I’ve been telling and retelling an interesting Trump anecdote over the past few days.
When The Donald’s campaign manager, Paul Manafort, reached out to John Kasich about the vice presidency, Kasich reportedly asked (as one does), “What’s the job description?”
To which Manafort replied, “You’ll be in charge of domestic and foreign policy.”
“Well,” asked Kasich, “What is Trump going to do?”
“He’s going to make America great again.”
It’s difficult to grok the fact of the Trump election without seeing it through a lens of sales and marketing strategy.
Of course, Trump didn’t use traditional methods. He used the internet, so it looked different than any of us are used to. But the same time-tested sales principles worked for him: shock and awe, emotional reasoning, divide and conquer, repetition, redirection, scarcity.
Trump recognized a series of opportunities and strung them together for his gain, because that’s what entrepreneurs do. They recognize underutilized resources that can be matched with underserved markets, and they capitalize.
Here’s what Trump saw:
- A fractured republican party, with several emerging ideas conflicting for dominance
- A newly Internet-centric media landscape still in its formative stages that was ripe for manipulation
- The American people still unaware of the impact of this new form of media on the culture and at a loss for how to navigate it
And in the end, Trump used old sales tactics on new platforms to reunite the broken right and sell them a fool’s hope.

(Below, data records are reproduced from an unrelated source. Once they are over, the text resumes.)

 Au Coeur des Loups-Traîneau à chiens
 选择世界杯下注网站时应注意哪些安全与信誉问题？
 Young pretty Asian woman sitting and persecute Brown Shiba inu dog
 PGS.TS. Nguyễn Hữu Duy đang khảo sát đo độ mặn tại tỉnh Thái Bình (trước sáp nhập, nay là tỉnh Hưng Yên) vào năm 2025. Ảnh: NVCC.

Trump got rich, as we know, by “slapping his name on buildings”. His game has not changed. He’s still an opportunist making use of underutilized real estate.
Only this time it’s not a tower with his name on it—it’s a country.

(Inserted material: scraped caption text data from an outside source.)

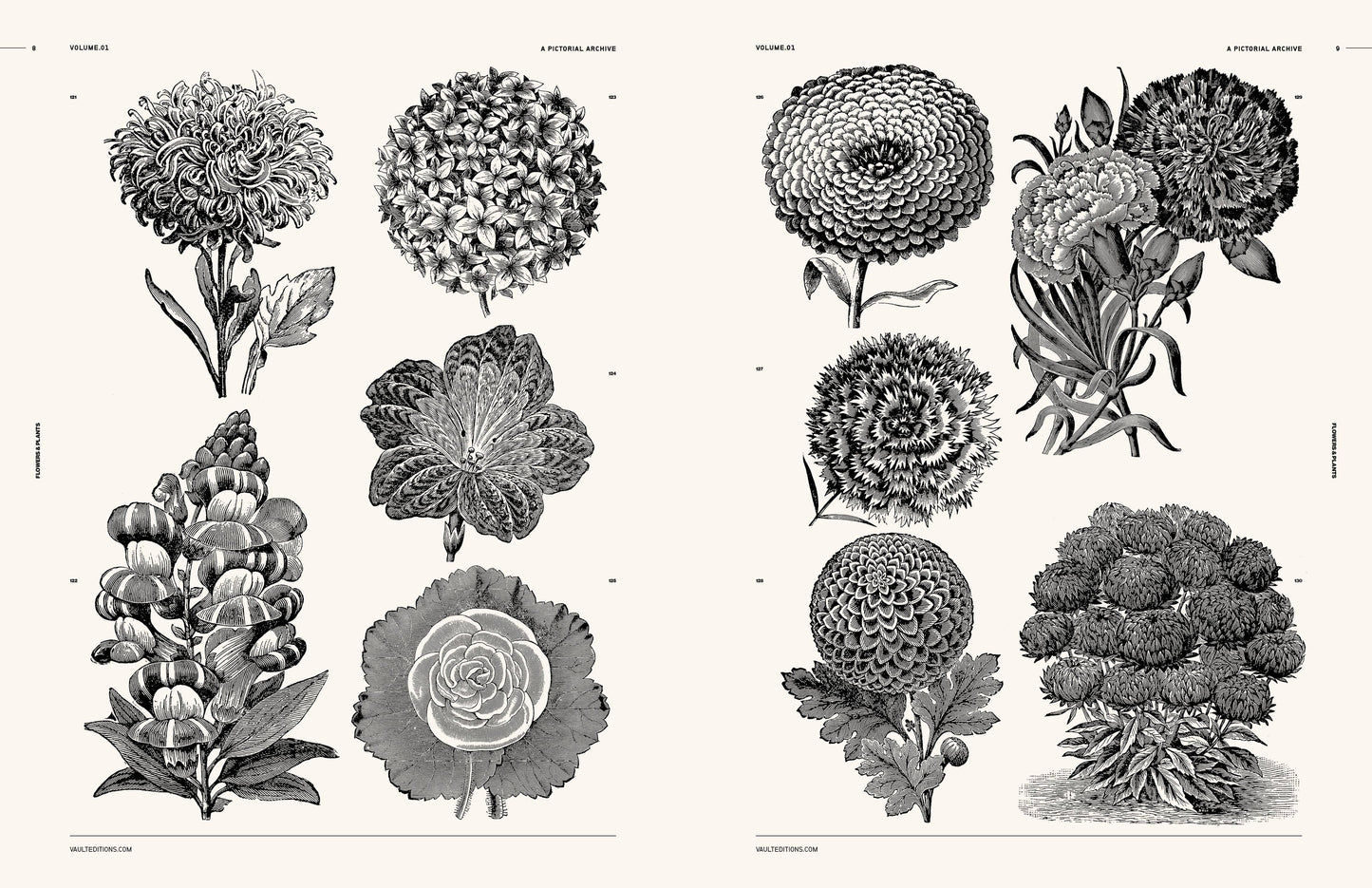 Vault Editions: Flowers and Plants Reference Book (Pre-Order)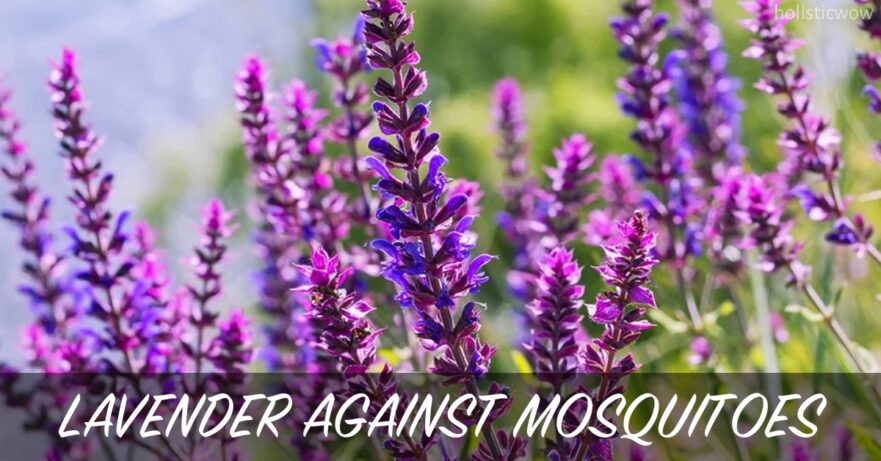 Lavender for mosquito
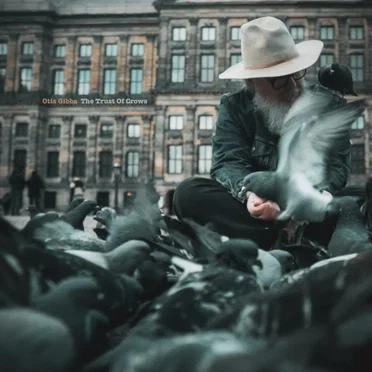 The Trust Of Crows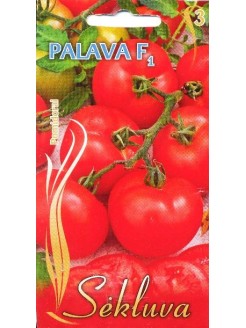 Pomidorai valgomieji 'Palava' H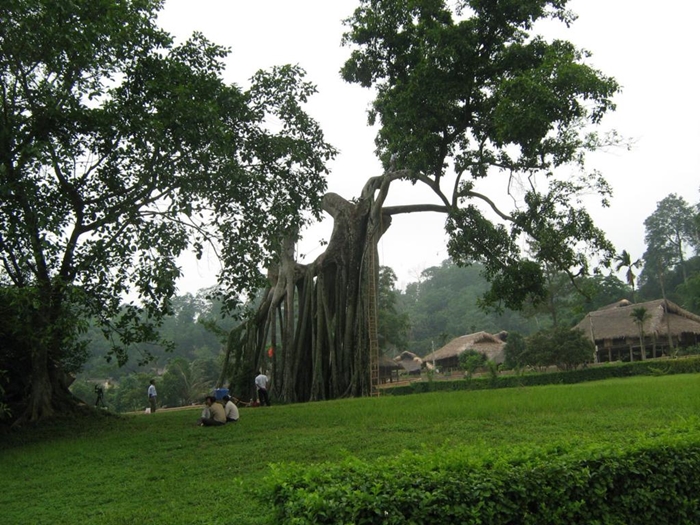 Hình ảnh cây đa đầu làng vô cùng thân thuộc và gần gũi với tuổi thơ 6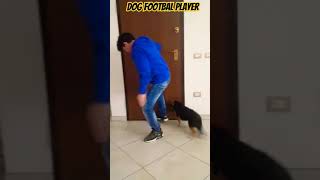 Mi perrita juguetona dog love doglover shortsfeed shortvideo shorts short shortvideo [upl. by Lamoureux]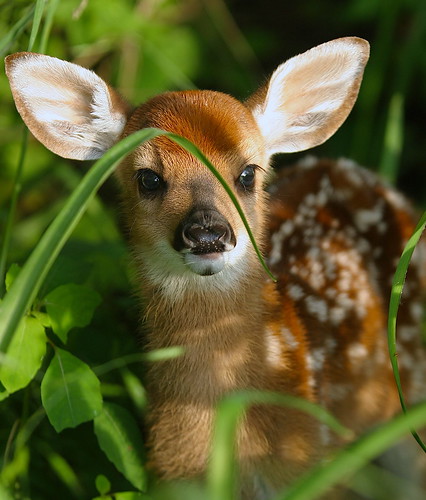 Baby wild animal pictures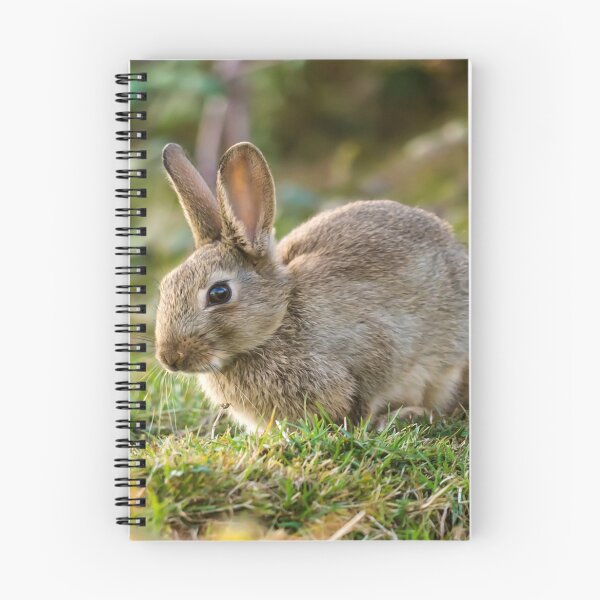 Item preview, Cute Wild Leveret Portrait designed and sold by Alius Imago.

I have a lot of sympathy for all the Trump-supporting special interest groups out there, and for all the single-issue voters, because if what I’m saying is true, then no champion to your cause has risen.

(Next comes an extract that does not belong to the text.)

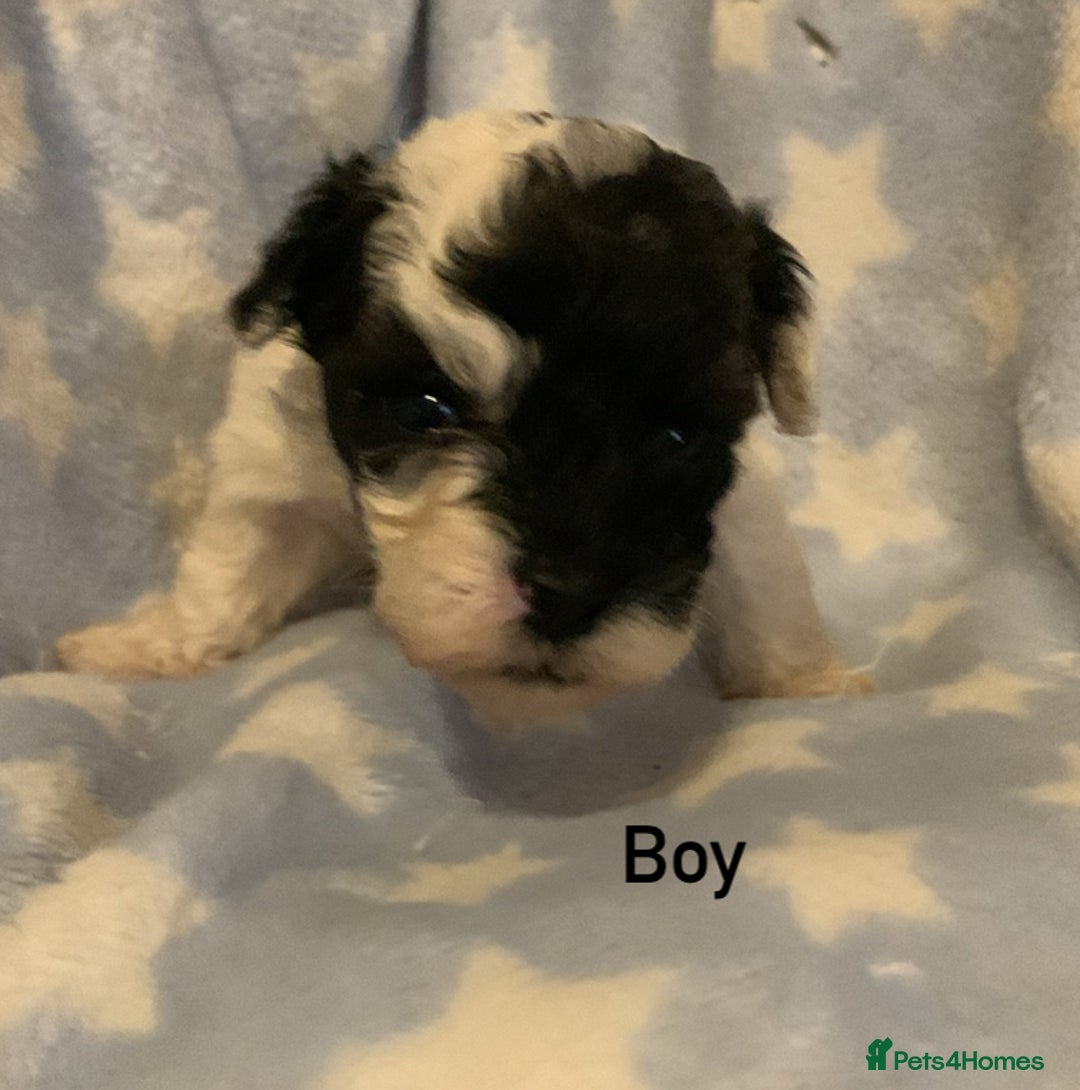Poochon dogs for sale: F1 Poochon puppies  - Image 6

And he will not deliver on the promises he made during his ascent.
If you were on the right and you wanted him to say “I’m pro-life”, he talked about ripping fetuses out. If you wanted him to say “I’m tough on immigration”, he promised to build a wall. If you wanted him to talk about bringing jobs back, he talked about tariffs on international trade.
In short, he made what promises he needed to make to get you the right kind of “ready to buy”—and he’ll do the minimum amount needed to appease you now that you’re his customers.
My sense, and I know it’s hard to hear, is that Donald Trump doesn’t care about you, me, or even making America great again (whatever that means). He’s only strengthening his position in the marketplace of selling empty promises, emotions, and ideas to desperate people—and it’s a market with massive growth potential.
Only a true consumerist could commodify people, religions, whole segments of the population this way. And, of course, if that’s not what we see in Donald Trump, then who is he?
He is not a savior. He is not even a remarkable businessman. He’s a salesman, an opportunist, a money-grabber, and you’ve been sold.
I have beliefs are important to me and, yes, sacred. These are values and positions that I have made sacrifices for, struggled to defend, and even struggled to maintain at times.
I also know what it’s like to have those things devalued and played with—it hurts.
It’s going be a while, but once the healing begins, and we all feel ready to sit down at the same tables again, I’d like to extend an olive branch. As a freethinker, as someone who believes in democratic conversation, even if I don’t agree with you, I promise to hear you out.
Today, tomorrow, and always.
I—and I hope an increasing amount of my fellow liberals—will do everything in my power to see things from your perspective, to feel them the way that you do, to understand what it’s like to stand in your shoes, and even to allow my opinions to be shaped by the experience.
Over the last 10 years or so, a movement on the left has taken form that seems to take ghoulish pride in their complete antagonism towards certain (read: conservative) ideas, while hiding behind a thin veneer of “tolerance” and political correctness. Their “virtue signaling” gets media sympathy and has even begun, dangerously I think, to shape broader cultural norms and policies.
This has to stop—it is undemocratic and uncivilized.
But Trump is not the answer.
My final hope is that the disappointment that Trump is and will continue to prove to be can be a starting point for a true democratic conversation that opens up legitimate and sustainable inroads into our common goal—that of life, liberty, and the pursuit of happiness.
I have faith in us as people, and I have faith in our mission.